Everybody of water has its own culture and fish tendencies, but here are a few commons. On small to medium-sized lakes, I like to always start on shallower weeds. All year long panfish relate to vegetation, especially in the spring when photosynthesis is just starting to engage. On shallower areas of lakes, this is where it all begins. Plants and other organisms will convert light energy into chemical energy, and this will ultimately fuel organisms’ activities. In simpler terms, mud is starting to eat dead decaying weeds and beginning to sprout new vegetation and microscopic bug larvae. Fish, especially small forage-based perch and bluegills will take advantage of this. The further into the “ice out” phase, and into the early open water spring we go, the fishing will only get better. Waters to the south are obviously a couple of steps ahead of us in the north country.

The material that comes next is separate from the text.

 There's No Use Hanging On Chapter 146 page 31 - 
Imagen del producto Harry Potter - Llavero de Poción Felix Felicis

As mentioned, smaller fish will start on these locations, but as the days continue to get longer and things warm up, more and more mature gills will start to infiltrate as well. Until then the bigger panfish can often be found roaming in schools over soft substrate areas in, and around deeper basins. I like to look for these fish near the deep holes but on the break or transition spots. Depth to target depends on the size and characteristics of the lake, but my favorite depths are usually in the 13-19 feet of water. Medium to larger lakes may take a little longer with the “science” process, on account of the volume of water. However, you can always break lakes into sections, and it pays to look toward back bays. Think of them as little lakes inside of big lakes. After the location has been established, there are a few ways I like to attack the fish.

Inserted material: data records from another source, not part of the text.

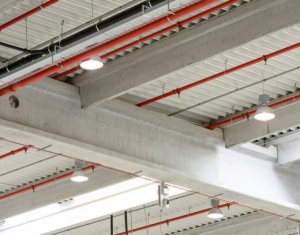 Espace Industriel à louer dans Floresti, zone Centru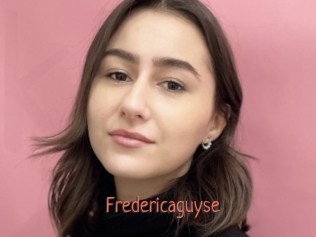 Fredericaguyse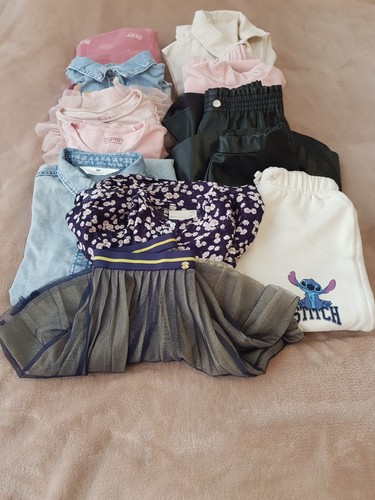 14teile bekleidungspaket für - 14teile,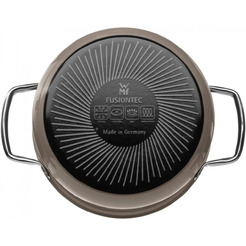 Кастрюля WMF FUSIONTEC Mineral 0514475290, 24см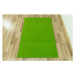 Metrážový koberec Dynasty 41 zelený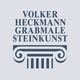 Volker Heckmann - Grabmale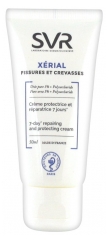 SVR Crema Xérial Fissures & Crevasses 50 ml SVR Crema Xérial Fissures & Crevasses 50 ml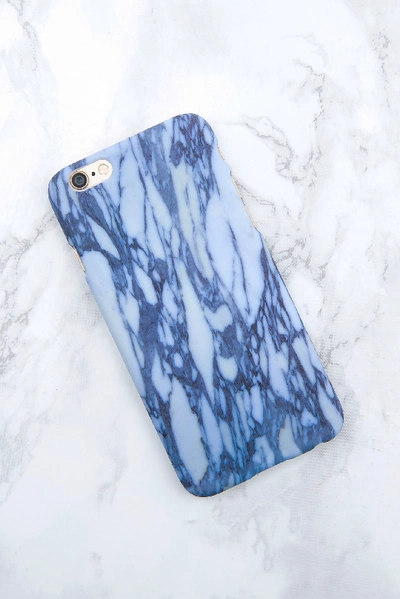 Na-kd Iphone Case 6/6s - Blue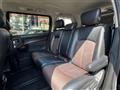 2011 Nissan Elgrand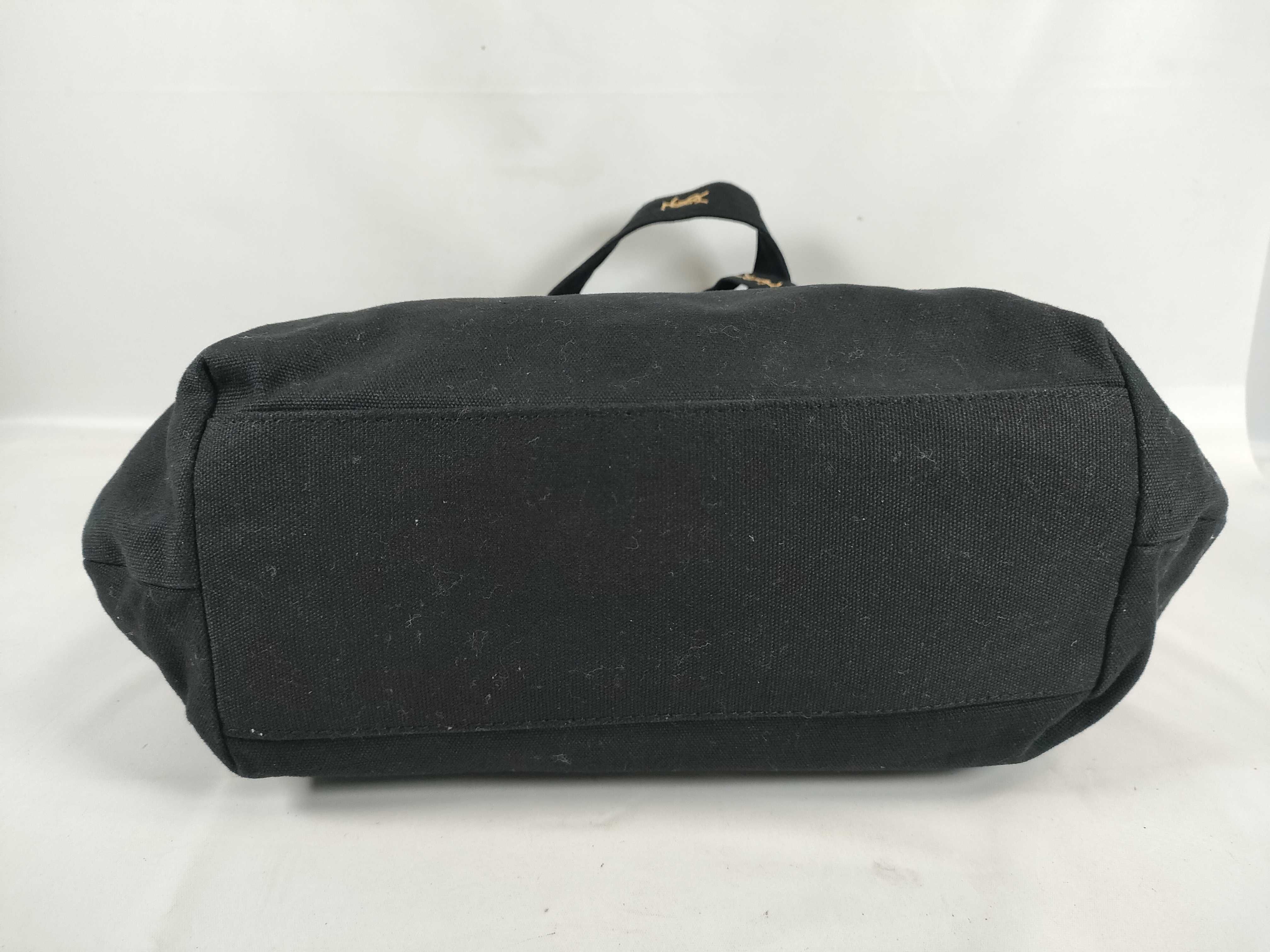 Canvas Tote Bag — view 7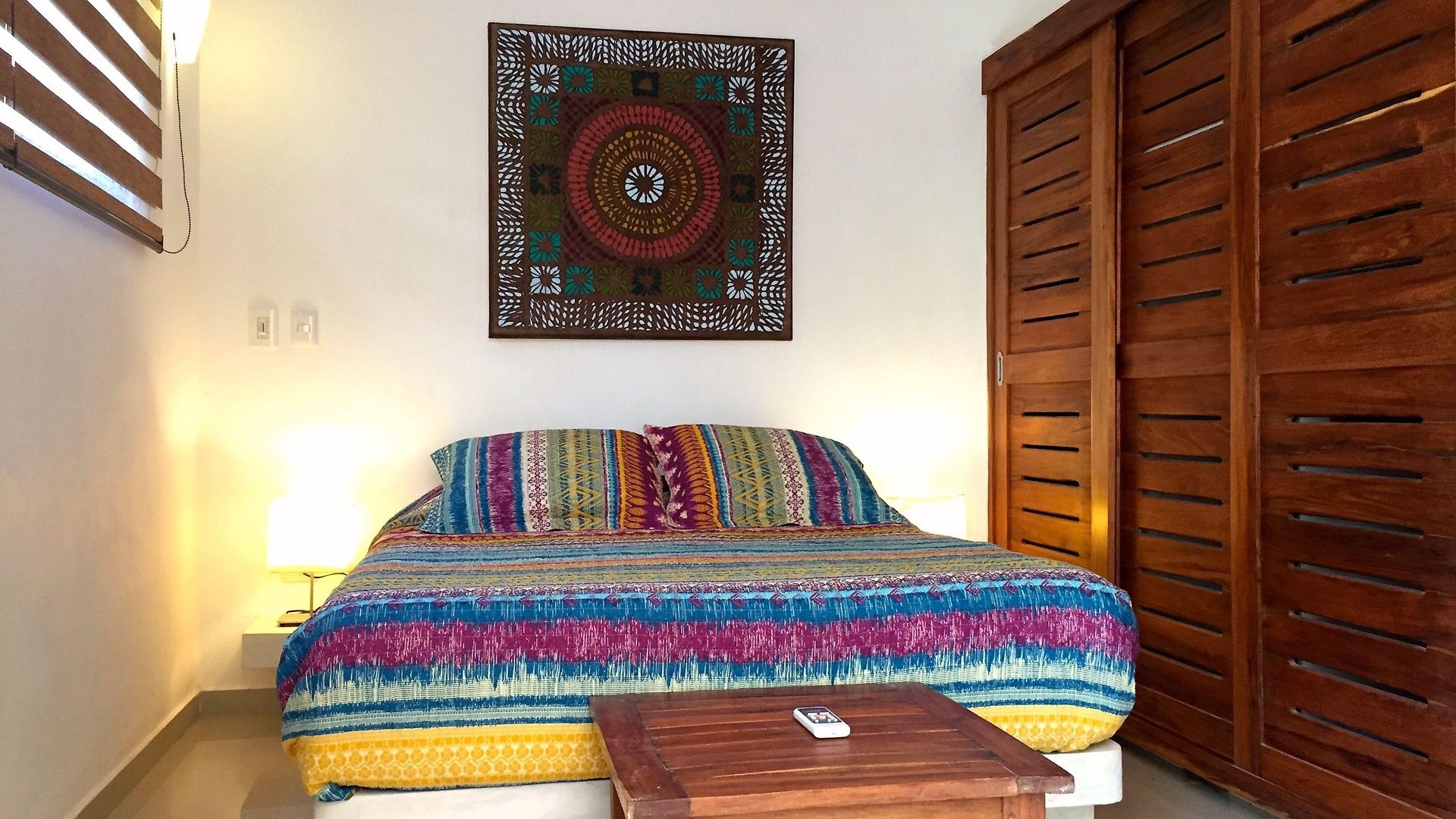 In The Heart Of - Location In Town Tulum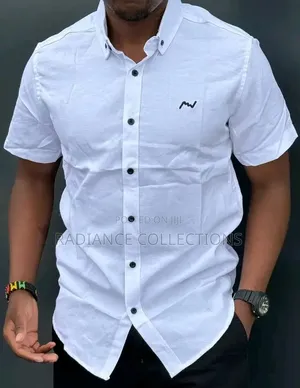 Casual Men's T-Shirt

Modern ice angling has taught us that drilling out several holes for hole hopping is productive. With that said, if you’re going to be a successful panfish angler, plan on putting in maximum effort. Sure, a guy can drill out a couple of holes and sometimes find luck. However, I would rather increase my odds any way I can. This includes going above and beyond “a couple” holes. On a typical day, you will catch our team making swiss cheese out of a panfish location. Depending on what stage the panfish are in (if they are spread out or schooled uptightly) also plays into our “ice trolling” auger sequence. Tightly schooled fish for me require a hole no less than every 6 feet. For more spread-out fish or bigger areas, I would say a hole no less than every 12 feet. From there, you usually can dial in productive ice fishing holes. A couple of notes in relation to making swiss cheese that should be mentioned: try and complete drilling operations early to allow the fish time to recover from all the noise pollution and work in teams to increase efficiency. For example, one guy drilling and another checking depths and for fish with a Vexilar. Again, and to be clear, it’s nice to get the grunt work out of the way before dropping a line. The more up-front work that is completed, the better the chances for a successful day of fishing.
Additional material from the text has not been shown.